Required work> From the very first line down to the line containing "White Geometric Cube", write out the material exactly as it appears, and no more.
%%
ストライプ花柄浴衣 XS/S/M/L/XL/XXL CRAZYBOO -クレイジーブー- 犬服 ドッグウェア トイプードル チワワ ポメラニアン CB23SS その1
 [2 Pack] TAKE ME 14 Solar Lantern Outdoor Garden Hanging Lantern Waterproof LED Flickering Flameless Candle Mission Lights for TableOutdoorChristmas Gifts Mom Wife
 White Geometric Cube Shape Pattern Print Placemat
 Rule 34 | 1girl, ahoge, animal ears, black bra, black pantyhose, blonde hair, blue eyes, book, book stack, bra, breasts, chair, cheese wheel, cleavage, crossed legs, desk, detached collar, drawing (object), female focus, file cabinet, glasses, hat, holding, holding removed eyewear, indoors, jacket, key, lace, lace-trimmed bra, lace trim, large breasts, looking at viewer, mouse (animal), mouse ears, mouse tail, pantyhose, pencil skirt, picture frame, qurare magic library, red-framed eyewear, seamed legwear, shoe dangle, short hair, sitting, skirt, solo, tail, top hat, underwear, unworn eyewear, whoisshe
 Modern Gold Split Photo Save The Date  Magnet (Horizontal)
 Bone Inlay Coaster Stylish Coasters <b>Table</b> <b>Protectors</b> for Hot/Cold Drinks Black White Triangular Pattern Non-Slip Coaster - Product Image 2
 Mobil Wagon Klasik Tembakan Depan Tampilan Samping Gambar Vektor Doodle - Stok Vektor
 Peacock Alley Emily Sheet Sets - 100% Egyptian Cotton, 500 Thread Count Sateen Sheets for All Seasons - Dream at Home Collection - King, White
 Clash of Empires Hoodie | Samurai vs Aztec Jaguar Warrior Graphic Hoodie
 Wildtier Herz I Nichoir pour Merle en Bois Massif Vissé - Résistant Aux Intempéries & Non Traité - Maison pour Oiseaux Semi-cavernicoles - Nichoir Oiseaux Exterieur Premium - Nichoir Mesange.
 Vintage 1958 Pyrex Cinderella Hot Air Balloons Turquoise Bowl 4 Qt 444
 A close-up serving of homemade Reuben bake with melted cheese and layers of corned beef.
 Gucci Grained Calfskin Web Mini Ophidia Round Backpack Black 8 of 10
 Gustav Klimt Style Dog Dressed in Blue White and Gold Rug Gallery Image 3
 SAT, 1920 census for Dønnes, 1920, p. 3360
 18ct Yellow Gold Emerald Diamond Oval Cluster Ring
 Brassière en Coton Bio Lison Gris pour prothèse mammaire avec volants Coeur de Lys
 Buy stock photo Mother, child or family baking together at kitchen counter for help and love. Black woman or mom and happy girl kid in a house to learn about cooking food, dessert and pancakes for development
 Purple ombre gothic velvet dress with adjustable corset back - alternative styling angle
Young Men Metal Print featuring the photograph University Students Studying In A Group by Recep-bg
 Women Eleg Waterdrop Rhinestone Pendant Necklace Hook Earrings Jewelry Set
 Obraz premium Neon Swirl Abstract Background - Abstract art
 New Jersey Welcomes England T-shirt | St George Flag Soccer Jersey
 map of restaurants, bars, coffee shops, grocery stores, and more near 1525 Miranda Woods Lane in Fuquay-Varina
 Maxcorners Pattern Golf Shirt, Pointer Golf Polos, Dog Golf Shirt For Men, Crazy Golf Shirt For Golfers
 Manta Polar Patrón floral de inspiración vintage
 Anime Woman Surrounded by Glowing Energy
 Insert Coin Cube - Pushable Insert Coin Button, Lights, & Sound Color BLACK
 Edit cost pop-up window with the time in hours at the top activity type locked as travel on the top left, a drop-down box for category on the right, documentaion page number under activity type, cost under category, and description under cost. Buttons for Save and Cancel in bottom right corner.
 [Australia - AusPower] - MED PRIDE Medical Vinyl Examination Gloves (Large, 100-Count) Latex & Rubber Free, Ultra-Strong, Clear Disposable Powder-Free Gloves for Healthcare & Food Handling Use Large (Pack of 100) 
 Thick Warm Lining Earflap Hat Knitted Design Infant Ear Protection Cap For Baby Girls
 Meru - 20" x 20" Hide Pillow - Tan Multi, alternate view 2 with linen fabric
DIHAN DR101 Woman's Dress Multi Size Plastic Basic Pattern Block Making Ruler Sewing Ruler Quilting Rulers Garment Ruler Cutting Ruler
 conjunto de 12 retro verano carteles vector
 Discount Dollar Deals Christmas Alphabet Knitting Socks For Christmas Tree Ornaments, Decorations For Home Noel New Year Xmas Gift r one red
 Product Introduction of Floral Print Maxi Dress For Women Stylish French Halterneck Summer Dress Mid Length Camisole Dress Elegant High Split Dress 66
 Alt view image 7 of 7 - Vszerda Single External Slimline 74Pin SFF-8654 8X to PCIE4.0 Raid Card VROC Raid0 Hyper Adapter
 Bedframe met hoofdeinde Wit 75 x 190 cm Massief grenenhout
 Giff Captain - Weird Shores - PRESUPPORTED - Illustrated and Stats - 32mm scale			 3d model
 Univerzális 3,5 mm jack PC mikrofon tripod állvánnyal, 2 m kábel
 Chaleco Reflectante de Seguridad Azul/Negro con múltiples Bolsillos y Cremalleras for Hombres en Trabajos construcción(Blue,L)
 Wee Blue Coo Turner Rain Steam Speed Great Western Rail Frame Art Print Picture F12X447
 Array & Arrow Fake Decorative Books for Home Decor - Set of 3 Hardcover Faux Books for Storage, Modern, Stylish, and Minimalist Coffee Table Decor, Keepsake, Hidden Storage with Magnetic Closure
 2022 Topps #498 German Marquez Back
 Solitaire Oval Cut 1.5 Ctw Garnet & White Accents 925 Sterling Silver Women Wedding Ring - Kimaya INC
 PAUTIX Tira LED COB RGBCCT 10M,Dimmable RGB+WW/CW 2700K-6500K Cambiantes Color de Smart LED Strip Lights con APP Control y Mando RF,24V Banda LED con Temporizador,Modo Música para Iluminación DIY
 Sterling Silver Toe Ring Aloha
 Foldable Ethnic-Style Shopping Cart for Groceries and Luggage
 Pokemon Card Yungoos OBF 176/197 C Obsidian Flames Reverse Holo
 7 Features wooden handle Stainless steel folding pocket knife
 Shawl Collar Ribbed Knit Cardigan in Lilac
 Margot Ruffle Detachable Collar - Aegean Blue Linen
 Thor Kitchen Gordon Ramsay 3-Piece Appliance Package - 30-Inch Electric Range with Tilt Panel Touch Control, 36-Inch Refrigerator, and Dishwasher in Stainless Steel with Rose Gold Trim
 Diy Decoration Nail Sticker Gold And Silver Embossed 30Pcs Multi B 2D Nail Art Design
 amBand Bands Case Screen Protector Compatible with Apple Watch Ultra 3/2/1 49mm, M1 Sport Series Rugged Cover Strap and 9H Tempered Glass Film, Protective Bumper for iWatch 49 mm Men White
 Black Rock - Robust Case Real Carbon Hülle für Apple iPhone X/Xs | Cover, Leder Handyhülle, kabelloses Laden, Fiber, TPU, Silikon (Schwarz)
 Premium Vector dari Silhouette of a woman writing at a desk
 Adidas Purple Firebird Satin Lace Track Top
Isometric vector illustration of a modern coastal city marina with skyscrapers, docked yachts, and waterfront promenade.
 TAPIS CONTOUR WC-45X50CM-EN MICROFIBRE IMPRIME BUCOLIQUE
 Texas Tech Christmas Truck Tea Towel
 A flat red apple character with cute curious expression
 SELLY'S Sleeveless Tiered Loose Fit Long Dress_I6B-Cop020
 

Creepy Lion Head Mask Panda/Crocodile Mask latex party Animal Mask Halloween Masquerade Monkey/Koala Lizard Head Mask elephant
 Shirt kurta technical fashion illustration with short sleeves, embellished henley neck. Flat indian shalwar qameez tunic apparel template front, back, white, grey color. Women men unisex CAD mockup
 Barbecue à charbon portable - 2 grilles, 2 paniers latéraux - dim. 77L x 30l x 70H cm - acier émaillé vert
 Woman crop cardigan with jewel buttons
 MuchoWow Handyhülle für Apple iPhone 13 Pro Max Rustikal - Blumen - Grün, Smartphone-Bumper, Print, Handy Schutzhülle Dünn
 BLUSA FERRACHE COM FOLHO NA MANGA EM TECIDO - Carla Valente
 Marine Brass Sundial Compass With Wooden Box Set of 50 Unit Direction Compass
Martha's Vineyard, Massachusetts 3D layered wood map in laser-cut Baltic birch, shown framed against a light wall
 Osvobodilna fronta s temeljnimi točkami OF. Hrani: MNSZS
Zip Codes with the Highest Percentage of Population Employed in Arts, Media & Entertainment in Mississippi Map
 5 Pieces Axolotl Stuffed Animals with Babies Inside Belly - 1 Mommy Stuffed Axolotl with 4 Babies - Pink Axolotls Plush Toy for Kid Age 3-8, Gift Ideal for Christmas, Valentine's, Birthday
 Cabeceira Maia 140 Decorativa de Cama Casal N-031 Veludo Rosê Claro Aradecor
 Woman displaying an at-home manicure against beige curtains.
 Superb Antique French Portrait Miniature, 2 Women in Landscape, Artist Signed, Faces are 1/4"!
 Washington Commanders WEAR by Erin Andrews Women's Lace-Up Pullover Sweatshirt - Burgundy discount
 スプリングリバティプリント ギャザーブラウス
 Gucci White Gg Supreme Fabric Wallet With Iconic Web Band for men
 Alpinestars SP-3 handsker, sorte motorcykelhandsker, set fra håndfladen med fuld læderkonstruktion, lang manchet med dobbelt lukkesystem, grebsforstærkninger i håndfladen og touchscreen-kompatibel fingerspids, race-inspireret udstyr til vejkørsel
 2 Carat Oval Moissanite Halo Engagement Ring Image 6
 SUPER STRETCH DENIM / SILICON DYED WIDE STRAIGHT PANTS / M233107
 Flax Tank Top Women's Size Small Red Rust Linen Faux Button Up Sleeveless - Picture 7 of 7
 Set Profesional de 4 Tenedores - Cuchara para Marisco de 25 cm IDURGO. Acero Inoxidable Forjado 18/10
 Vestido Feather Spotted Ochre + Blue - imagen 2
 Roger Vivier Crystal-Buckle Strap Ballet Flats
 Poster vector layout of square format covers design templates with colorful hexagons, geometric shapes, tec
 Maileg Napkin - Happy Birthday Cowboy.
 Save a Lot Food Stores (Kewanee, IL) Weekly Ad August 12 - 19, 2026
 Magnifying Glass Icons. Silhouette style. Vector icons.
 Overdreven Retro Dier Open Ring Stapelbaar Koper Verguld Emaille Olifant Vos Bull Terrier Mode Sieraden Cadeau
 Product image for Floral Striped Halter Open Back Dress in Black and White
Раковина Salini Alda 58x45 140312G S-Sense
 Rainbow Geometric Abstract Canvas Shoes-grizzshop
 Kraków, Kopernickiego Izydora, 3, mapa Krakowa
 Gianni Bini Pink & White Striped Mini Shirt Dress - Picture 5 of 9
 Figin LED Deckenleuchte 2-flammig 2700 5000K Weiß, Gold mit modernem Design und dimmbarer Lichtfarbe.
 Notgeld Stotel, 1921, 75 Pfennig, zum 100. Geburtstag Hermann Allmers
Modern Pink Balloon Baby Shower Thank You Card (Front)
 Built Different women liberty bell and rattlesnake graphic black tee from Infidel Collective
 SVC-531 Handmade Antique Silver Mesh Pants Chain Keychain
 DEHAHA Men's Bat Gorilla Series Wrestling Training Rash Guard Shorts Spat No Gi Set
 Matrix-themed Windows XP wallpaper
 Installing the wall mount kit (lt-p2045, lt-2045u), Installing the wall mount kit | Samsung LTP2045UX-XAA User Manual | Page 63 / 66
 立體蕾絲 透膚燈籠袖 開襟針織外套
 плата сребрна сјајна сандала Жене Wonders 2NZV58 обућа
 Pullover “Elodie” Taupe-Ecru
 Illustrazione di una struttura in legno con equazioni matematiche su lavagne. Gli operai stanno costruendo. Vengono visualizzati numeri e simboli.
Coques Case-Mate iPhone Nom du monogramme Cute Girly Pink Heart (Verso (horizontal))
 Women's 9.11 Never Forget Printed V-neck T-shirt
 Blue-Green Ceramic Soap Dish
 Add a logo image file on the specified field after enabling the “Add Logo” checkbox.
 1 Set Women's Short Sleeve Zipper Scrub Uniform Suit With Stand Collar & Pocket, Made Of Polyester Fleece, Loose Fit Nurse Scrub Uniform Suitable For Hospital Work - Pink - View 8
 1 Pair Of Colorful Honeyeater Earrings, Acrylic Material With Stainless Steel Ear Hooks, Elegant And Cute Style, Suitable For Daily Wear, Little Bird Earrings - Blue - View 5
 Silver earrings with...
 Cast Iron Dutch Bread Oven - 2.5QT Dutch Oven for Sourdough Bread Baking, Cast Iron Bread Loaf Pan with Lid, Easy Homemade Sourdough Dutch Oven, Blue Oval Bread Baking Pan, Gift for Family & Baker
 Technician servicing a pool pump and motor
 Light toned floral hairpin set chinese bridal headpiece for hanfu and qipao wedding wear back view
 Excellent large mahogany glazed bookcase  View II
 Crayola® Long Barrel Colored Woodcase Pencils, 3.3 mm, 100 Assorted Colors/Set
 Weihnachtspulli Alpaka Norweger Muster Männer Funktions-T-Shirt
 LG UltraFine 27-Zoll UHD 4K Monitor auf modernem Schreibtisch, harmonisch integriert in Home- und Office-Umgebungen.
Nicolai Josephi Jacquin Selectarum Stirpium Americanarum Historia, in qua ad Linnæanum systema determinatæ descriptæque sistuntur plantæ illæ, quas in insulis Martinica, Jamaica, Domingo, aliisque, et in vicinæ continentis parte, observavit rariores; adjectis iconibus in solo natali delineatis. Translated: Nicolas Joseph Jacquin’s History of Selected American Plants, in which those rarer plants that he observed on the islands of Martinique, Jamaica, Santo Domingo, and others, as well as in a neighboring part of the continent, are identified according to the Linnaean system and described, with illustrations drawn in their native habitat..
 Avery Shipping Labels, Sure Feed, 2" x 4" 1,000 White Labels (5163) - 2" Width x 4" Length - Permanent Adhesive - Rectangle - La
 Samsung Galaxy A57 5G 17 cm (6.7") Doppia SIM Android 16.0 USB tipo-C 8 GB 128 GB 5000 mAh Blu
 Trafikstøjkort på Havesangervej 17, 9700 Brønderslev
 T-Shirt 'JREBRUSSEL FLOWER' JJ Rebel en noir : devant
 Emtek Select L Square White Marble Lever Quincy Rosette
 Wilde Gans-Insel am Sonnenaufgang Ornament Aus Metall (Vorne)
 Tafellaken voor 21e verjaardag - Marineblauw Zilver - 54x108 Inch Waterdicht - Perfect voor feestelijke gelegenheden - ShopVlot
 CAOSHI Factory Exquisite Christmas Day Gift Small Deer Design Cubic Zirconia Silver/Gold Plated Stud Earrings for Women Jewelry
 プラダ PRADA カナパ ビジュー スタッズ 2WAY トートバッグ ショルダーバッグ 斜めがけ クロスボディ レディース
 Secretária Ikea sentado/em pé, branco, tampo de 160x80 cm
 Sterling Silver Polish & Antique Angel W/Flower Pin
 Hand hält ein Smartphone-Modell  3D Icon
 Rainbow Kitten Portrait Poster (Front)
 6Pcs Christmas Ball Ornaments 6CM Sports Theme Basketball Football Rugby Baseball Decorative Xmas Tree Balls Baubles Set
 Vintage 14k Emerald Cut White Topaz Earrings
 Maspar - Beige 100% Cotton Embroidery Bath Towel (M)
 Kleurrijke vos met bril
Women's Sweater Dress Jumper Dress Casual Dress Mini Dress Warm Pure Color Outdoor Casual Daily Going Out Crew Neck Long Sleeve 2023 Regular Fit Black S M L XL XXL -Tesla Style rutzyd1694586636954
%%
Task answer>
ストライプ花柄浴衣 XS/S/M/L/XL/XXL CRAZYBOO -クレイジーブー- 犬服 ドッグウェア トイプードル チワワ ポメラニアン CB23SS その1
 [2 Pack] TAKE ME 14 Solar Lantern Outdoor Garden Hanging Lantern Waterproof LED Flickering Flameless Candle Mission Lights for TableOutdoorChristmas Gifts Mom Wife
 White Geometric Cube Shape Pattern Print Placemat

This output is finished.